From the unnerving sights and sounds of “Anatomy of a Fall,” “The Zone of Interest,” and “Killers of the Flower Moon,” to the garish genre delights of “The Substance” and “Emilia Pérez,” the Cannes Film Festival has become increasingly inseparable from year-end movie conversations. Of the event’s last five big winners—recipients of the coveted Palme d’Or, or the Golden Palm—four have gone on to be nominated for best picture at the Academy Awards. Two of them even won: Bong Joon Ho’s class thriller “Parasite” in 2020, and Sean Baker’s neorealist fairytale “Anora” earlier this year.

Cannes 2025 continues to gain traction as a launchpad for widely acclaimed and potentially Oscar-worthy films. Despite this year’s fest featuring zero English-language award winners in the main competition, a number of highly anticipated works are likely to make waves once they hit your local cinemas. 

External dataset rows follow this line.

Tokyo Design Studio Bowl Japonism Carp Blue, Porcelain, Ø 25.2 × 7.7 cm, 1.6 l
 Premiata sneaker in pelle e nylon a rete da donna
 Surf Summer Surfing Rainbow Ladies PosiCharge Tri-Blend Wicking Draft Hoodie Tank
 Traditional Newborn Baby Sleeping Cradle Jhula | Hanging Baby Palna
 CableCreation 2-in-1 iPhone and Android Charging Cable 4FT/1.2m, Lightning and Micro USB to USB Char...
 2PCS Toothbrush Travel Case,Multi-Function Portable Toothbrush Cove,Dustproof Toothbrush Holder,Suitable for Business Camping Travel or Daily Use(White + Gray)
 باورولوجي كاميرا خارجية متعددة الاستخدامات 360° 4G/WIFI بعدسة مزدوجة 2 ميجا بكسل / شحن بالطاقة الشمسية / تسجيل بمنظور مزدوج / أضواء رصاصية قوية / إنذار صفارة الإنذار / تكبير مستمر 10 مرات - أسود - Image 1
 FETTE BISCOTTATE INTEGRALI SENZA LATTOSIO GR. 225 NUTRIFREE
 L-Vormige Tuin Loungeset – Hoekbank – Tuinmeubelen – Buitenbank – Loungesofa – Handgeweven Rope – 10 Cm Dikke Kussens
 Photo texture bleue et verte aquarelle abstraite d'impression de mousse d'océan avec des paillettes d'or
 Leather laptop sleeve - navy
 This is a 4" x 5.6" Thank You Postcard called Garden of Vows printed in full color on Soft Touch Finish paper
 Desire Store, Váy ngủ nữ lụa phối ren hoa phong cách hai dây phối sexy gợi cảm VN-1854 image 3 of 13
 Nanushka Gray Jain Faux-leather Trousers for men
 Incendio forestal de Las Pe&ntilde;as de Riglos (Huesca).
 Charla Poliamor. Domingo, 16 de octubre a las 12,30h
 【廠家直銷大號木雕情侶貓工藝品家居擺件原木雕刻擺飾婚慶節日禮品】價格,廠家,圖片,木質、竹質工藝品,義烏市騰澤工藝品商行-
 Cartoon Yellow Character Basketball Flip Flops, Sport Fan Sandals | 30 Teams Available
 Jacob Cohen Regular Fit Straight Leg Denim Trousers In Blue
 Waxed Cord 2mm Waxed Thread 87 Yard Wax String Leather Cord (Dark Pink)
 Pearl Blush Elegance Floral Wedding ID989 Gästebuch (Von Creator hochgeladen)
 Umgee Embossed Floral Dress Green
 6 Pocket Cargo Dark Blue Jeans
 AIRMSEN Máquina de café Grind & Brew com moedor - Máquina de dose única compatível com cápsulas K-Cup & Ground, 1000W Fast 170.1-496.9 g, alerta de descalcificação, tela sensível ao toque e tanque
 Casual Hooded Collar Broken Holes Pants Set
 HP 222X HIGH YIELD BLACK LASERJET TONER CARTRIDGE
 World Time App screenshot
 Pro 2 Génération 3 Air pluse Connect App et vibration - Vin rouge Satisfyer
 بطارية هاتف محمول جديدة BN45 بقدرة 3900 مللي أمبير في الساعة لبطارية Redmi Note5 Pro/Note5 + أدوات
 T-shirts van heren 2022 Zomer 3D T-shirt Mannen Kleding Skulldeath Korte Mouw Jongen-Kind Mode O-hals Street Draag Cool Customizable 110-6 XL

Only one film on this list has an announced release date, but the majority were acquired for North American distribution either during or before the festival, all but ensuring Cannes’ continued place as a conversation centerpiece for mainstream viewers over the coming year.  

“Die, My Love” 

Purchased by “The Substance” distributor Mubi for an enormous $24 million price tag, Lynne Ramsay’s first feature since 2017’s “You Were Never Really Here” is an unpredictable romantic drama buoyed by Jennifer Lawrence’s and Robert Pattinson’s star power. As young parents who have recently moved into a rural home, their slowly crumbling relationship is stress-tested by miscommunication and domestic malaise, leading to a brash film with animalistic lead performances, and a soundtrack of nonstop toe-tappers.

“Highest 2 Lowest” 

A remake of Akira Kurosawa’s understated Japanese class drama “High and Low,” “Highest 2 Lowest” is the first collaboration in nearly two decades between New York maestro Spike Lee (“Do the Right Thing”) and perennial Hollywood leading man Denzel Washington, who was awarded an honorary Palme d’Or at this year’s ceremony. Set for theatrical release by A24 on Aug. 22 and a streaming release via Apple TV+ on Sept. 5, “Highest 2 Lowest” begins as a stilted melodrama, but Lee’s tight control over tonal shifts yields some of the most electric filmmaking of his lengthy career. It’s a pulsing morality play about how far a rich record executive (Washington) will go to save the kidnapped son of his poor chauffeur (Jeffrey Wright). By the end, the film successfully teases out themes around how wealth and success have a tendency to separate people from their roots.

“It Was Just an Accident” 

Acquired by Mubi internationally and by Neon in North America (the sixth straight Palme d’Or winner in the company’s rolodex), “It Was Just an Accident” is dissident Iranian filmmaker Jafar Panahi’s first production since being released from prison. The film is a furious roadtrip comedy-drama that speaks truth to power through a carefully considered tale of former inmates debating what to do with an unconscious man they believe tortured them in captivity.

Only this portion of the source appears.